> Assignment:
Print word for word whatever lies between the first line of the material and the line holding "413 Maple Road E", both included, and omit all pictures.

___ Supplied records

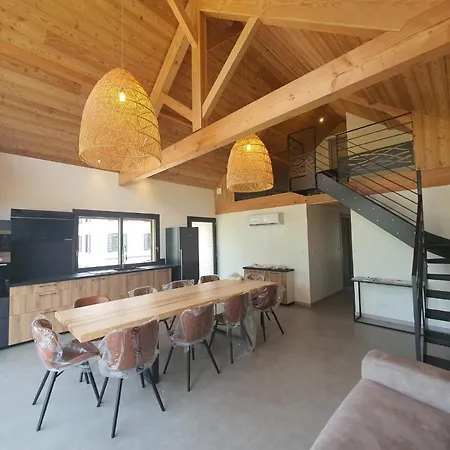 Les Chalets De Conjux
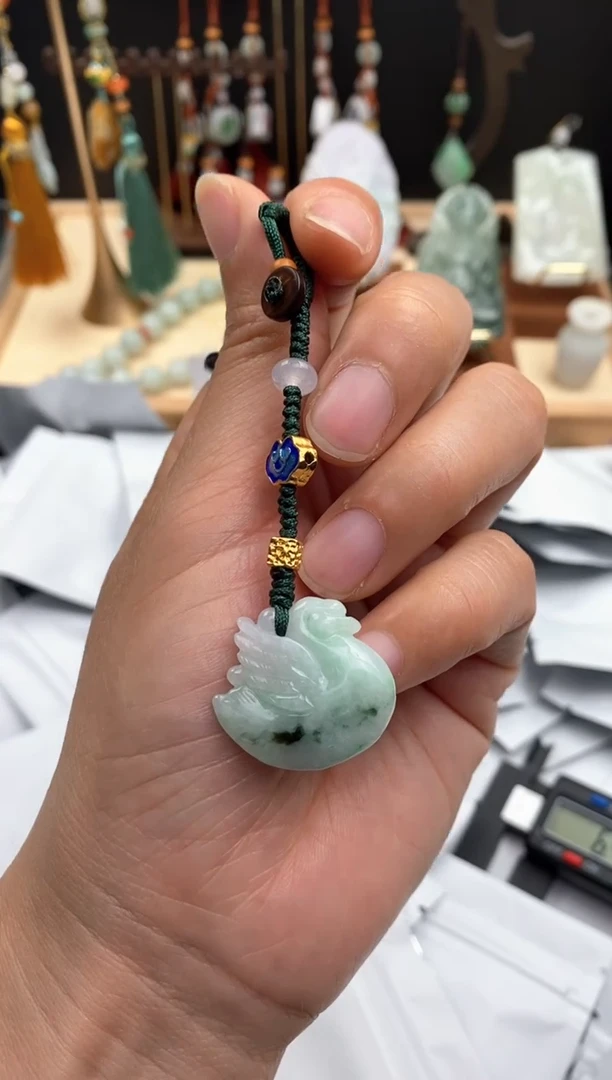 【闪购商品】翡翠颈饰未镶嵌天鹅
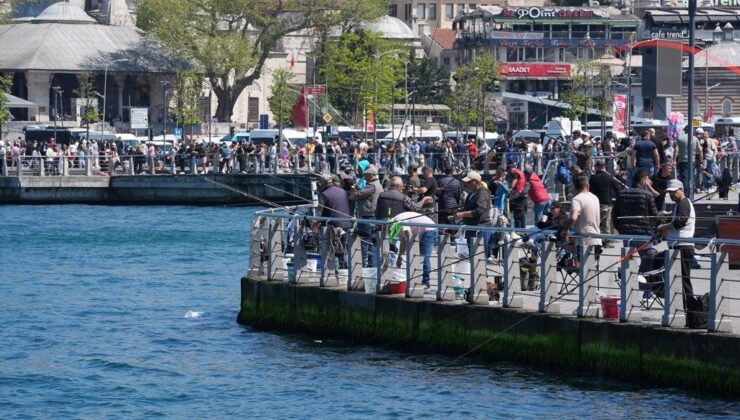 İstanbullular, tatilin son gününde sahilleri ve parkları doldurdu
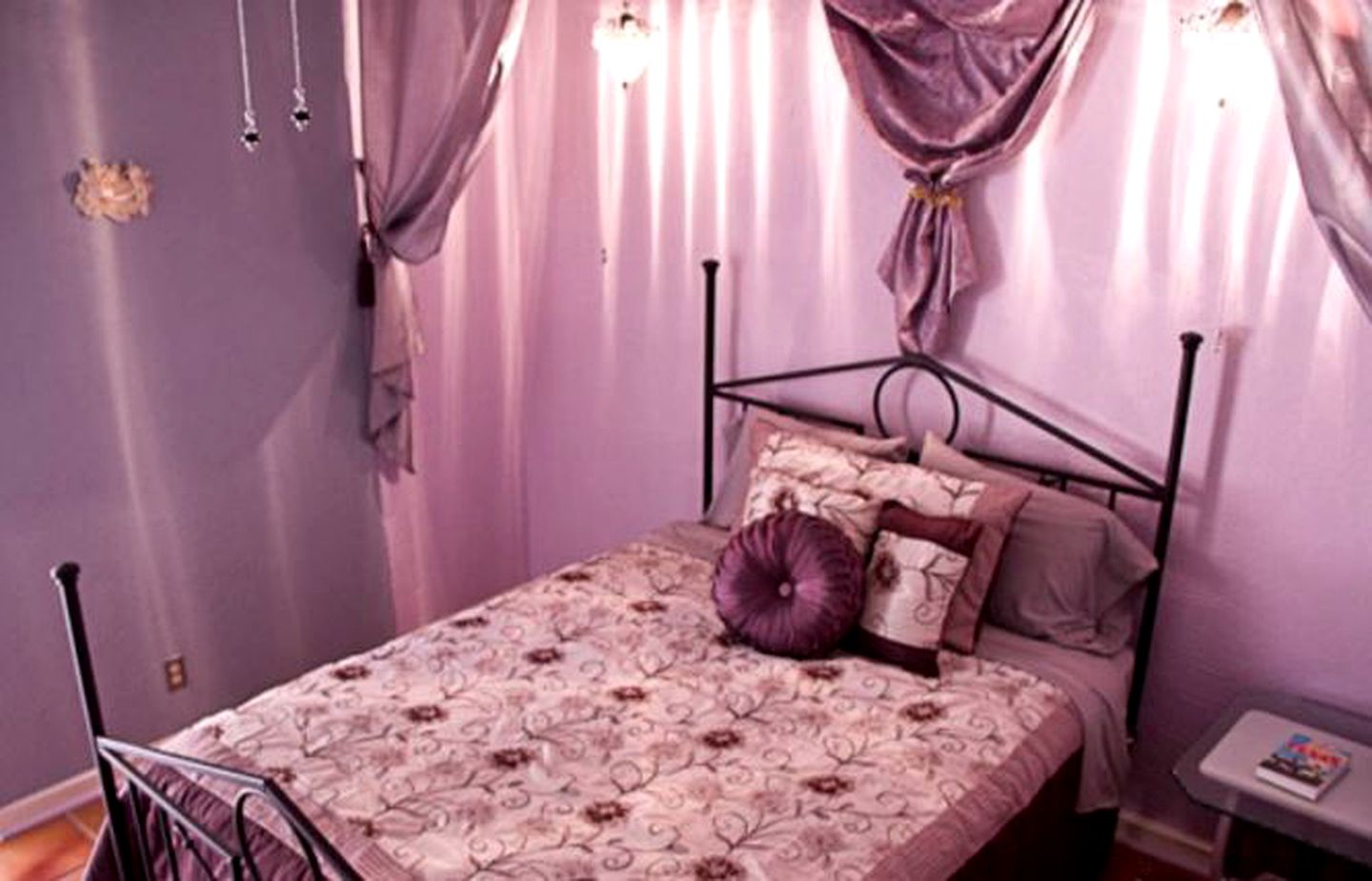 Charming Group Rental Castle for Special Occasions in the Hill Country of Marble Falls, Texas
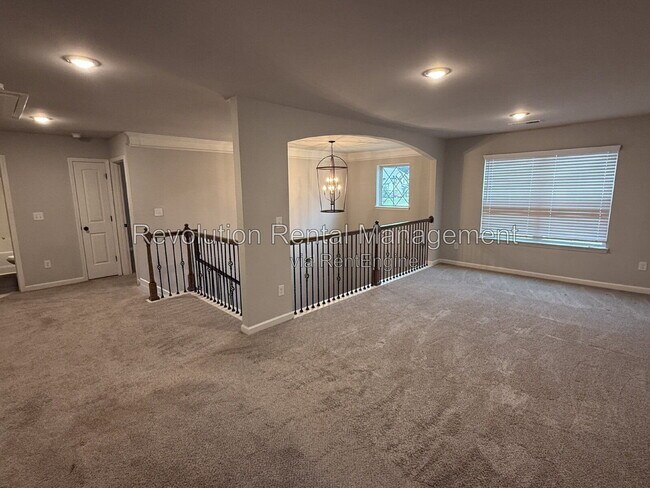 Building Photo - 1009 Fable Ln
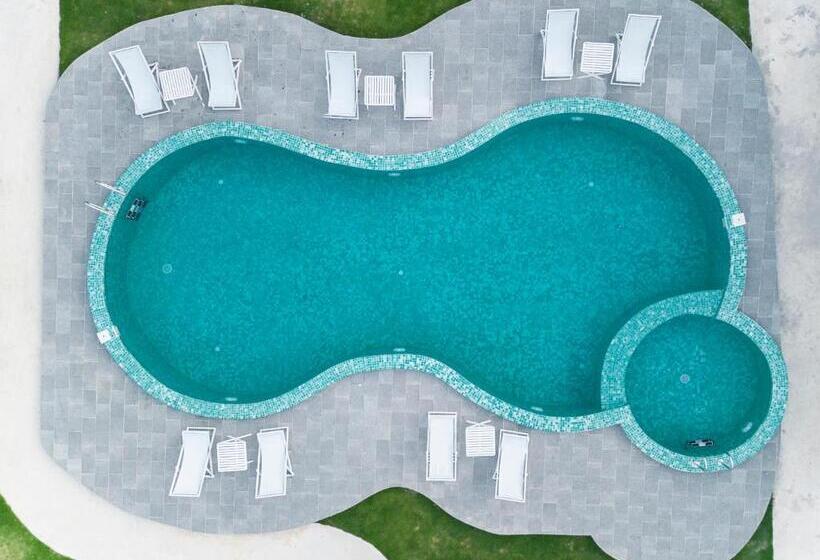 منتجع Nirk Kampot Boutique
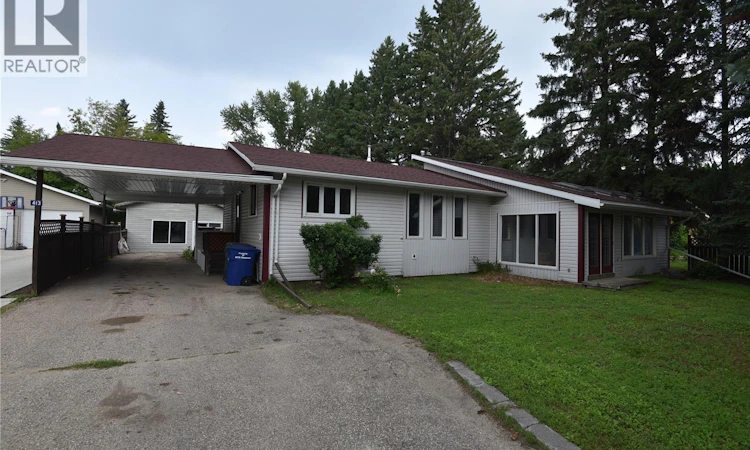 413 Maple Road E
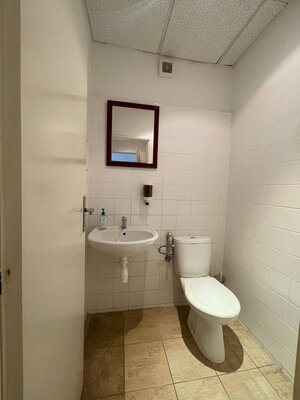 Samostatný kancelársky celok 60m2 - Drieňová, Ružinov — foto 5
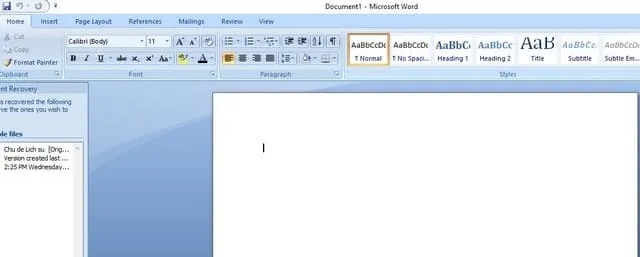Cách khắc phục lỗi Word bị khóa không cho soạn thảo 7 Mở file bị lỗi và di chuyển đến tab Review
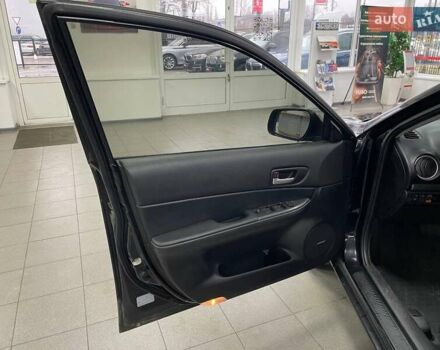 Черный Мазда 6, объемом двигателя 2.26 л и пробегом 307 тыс. км за 5990 $, фото 14 на Automoto.ua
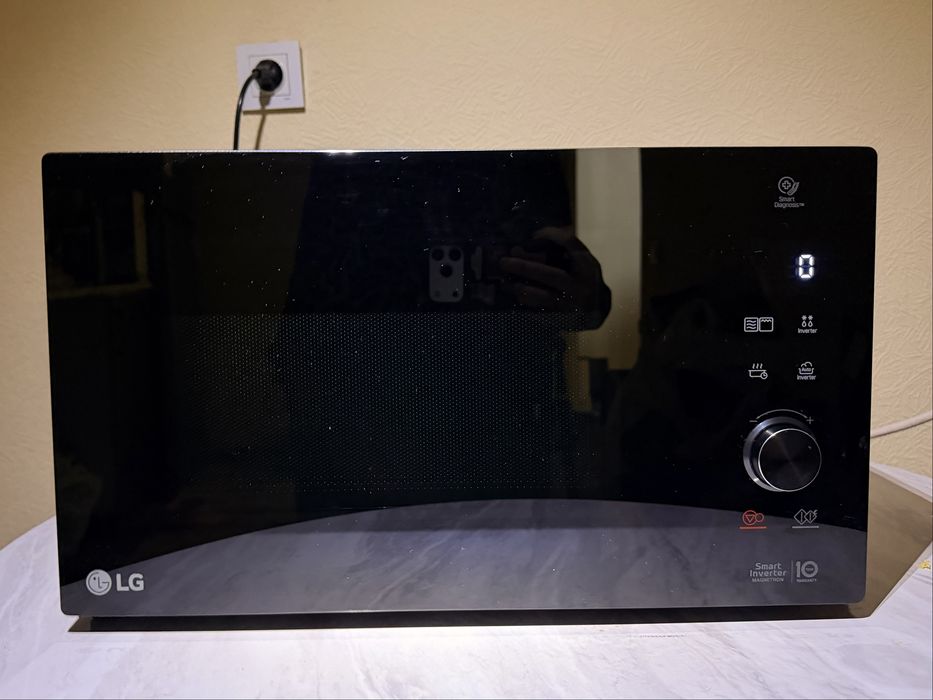 LG Smart Inverter MH6565DIS, микроволновая печь, идеальное состояние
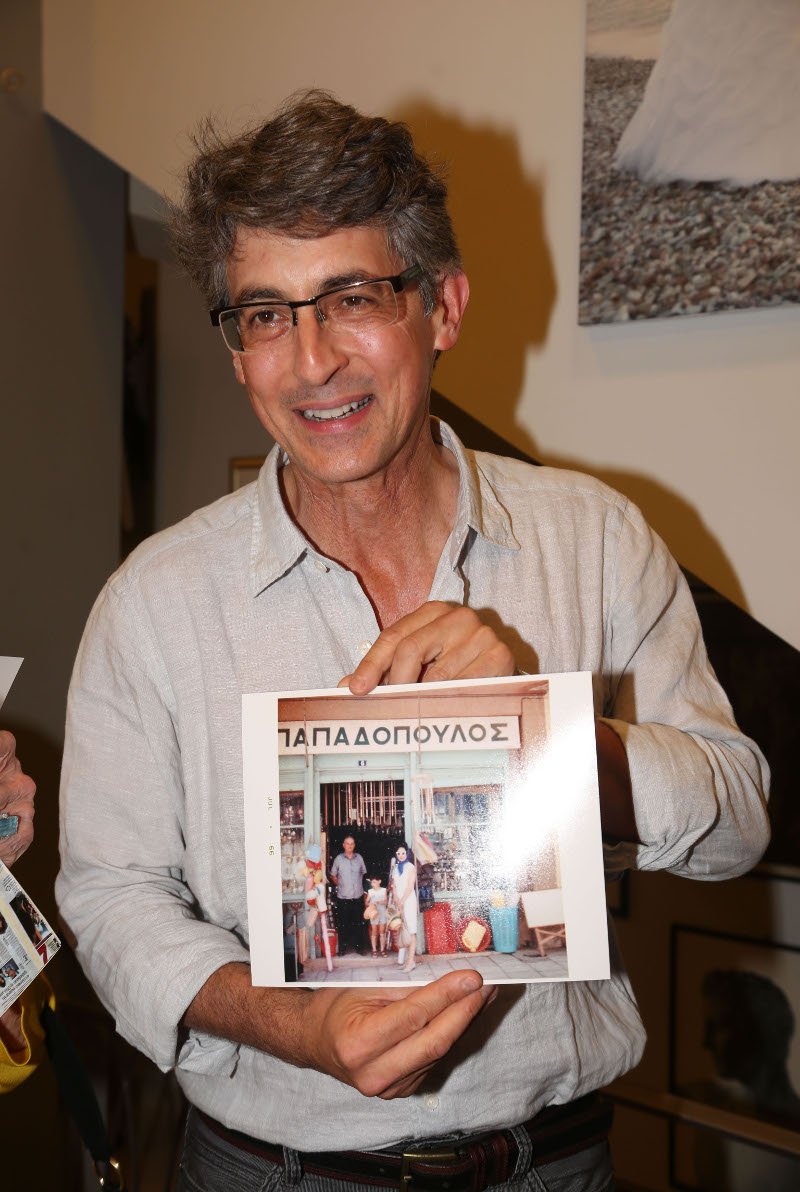 Αστραψαν τα φλας: Στο Αίγιο με τη μητέρα του ο ελληνικής καταγωγής βραβευμένος με Οσκαρ Αλεξάντερ Πέιν [εικόνες] | iefimerida.gr 6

______

> Solution to the problem:
 Les Chalets De Conjux
 【闪购商品】翡翠颈饰未镶嵌天鹅
 İstanbullular, tatilin son gününde sahilleri ve parkları doldurdu
 Charming Group Rental Castle for Special Occasions in the Hill Country of Marble Falls, Texas
 Building Photo - 1009 Fable Ln
 منتجع Nirk Kampot Boutique
 413 Maple Road E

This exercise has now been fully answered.